The books were also a design project, and their designer Ray O’Meara is always named in the colophons. The typeface used – Fitzcarraldo – is also his work. I have puzzled about this type. The books consist of simple text, without the need for any partner typeface for captions or headlines. English texts, even those translated from Polish or Japanese, won’t demand much in the way of diacritics or special characters. There are now hundreds of good typefaces that one could use to set such texts, licenses for which can be bought for not much money. So why make another one? It’s also a typeface that, from first seeing it, has seemed to me to be not quite good. Thankfully it is not trying to be beautiful or even distinctive. It is certainly adequate, and passes the easy test of providing rows of black marks that hang together well enough and which let one read without much bother or distraction.
But eventually, reading this book, I saw that the capital letters are where it doesn’t quite work – they are just slightly too large in relation to the lowercase letters, reaching to the top of the ascender line.

The lesson from hundreds of years of designing and making type for Latin-alphabet characters is that the height of capital letters needs to be a bit less than the small letters that make up the rest of a word.
Another detail of the type. In the first Fitzcarraldo books the numerals were all cap-height, but at some point a set of non-lining numerals was added. (Non-lining numerals may rise above or fall below the lowercase x-height of a character set: they then sit more comfortably in text than cap-height numerals do.)
In the McCarthy ‘classics’ edition, the page numbers have non-lining forms but within the text itself, cap-height numerals are used. I suppose that the basis pages for the classics were given non-lining forms for the page numbers, and that, when the text was flowed in for this particular book, no-one thought to check what was going on with its numerals.

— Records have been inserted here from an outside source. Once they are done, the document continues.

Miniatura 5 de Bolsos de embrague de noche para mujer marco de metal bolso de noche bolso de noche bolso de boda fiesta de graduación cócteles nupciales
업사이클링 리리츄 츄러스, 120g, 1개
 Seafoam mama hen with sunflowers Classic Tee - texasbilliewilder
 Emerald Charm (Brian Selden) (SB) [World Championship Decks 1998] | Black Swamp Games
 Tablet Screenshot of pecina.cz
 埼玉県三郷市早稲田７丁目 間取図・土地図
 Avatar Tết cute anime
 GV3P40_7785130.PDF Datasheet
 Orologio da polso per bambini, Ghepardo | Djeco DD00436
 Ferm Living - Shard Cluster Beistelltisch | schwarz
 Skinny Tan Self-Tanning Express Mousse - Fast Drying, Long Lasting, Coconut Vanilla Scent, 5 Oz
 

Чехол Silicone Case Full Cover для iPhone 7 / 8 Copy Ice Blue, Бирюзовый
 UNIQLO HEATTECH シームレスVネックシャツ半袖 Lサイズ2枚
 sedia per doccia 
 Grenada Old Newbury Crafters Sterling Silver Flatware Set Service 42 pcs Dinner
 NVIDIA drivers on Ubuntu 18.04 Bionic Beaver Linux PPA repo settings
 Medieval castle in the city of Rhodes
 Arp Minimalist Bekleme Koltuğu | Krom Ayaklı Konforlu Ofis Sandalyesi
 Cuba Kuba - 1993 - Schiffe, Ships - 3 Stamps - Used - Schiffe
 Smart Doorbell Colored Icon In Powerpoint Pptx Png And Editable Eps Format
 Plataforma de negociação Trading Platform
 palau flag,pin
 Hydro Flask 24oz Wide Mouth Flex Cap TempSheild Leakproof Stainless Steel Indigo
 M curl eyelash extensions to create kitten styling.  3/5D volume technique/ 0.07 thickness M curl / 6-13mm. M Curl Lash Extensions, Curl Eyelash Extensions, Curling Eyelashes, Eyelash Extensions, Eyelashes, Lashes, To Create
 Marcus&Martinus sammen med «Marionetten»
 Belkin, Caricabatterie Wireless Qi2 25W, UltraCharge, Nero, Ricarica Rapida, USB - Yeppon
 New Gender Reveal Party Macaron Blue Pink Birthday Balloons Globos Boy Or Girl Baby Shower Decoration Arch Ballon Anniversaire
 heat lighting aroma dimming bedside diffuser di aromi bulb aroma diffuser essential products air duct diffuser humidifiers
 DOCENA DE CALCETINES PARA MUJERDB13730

Similarly, one could also discuss the lack of small (x-height) capitals in the Fitzcarraldo type. These could be used within text for acronyms, in post-codes and other such combinations of characters. These need to be specially made – capitals that are simply reduced to x-height heights look too thin.

The French models




All-in-all, and certainly by comparison with its French models, whose design is self-effacing, without pretence, and looser, the Fitzcarraldo books, and especially their covers and title pages, look stiff and tight-lipped. (The upper- and lowercase style on the covers and title-pages of the paperback editions works better.) The moral must be that they still do order these things better in France.
I have memories from the late 1960s of Mary McCarthy’s quite frequent appearances on British television, appearing on an upmarket quiz show, in which a panel of writers were read a passage from a book and were invited to name the writer. I remember especially her smile, appearing while she made to-the-point criticisms, sometimes devastatingly. Looking on Youtube, one can find an excerpt from a panel discussion on the question ‘Do repressive systems produce greater literature?’ in which McCarthy and Joseph Brodsky contest this notion with George Steiner; in the chair is the writer Al Alvarez. This is from 1982, broadcast on Channel 4 in its early, experimental days. McCarthy’s smile is well captured.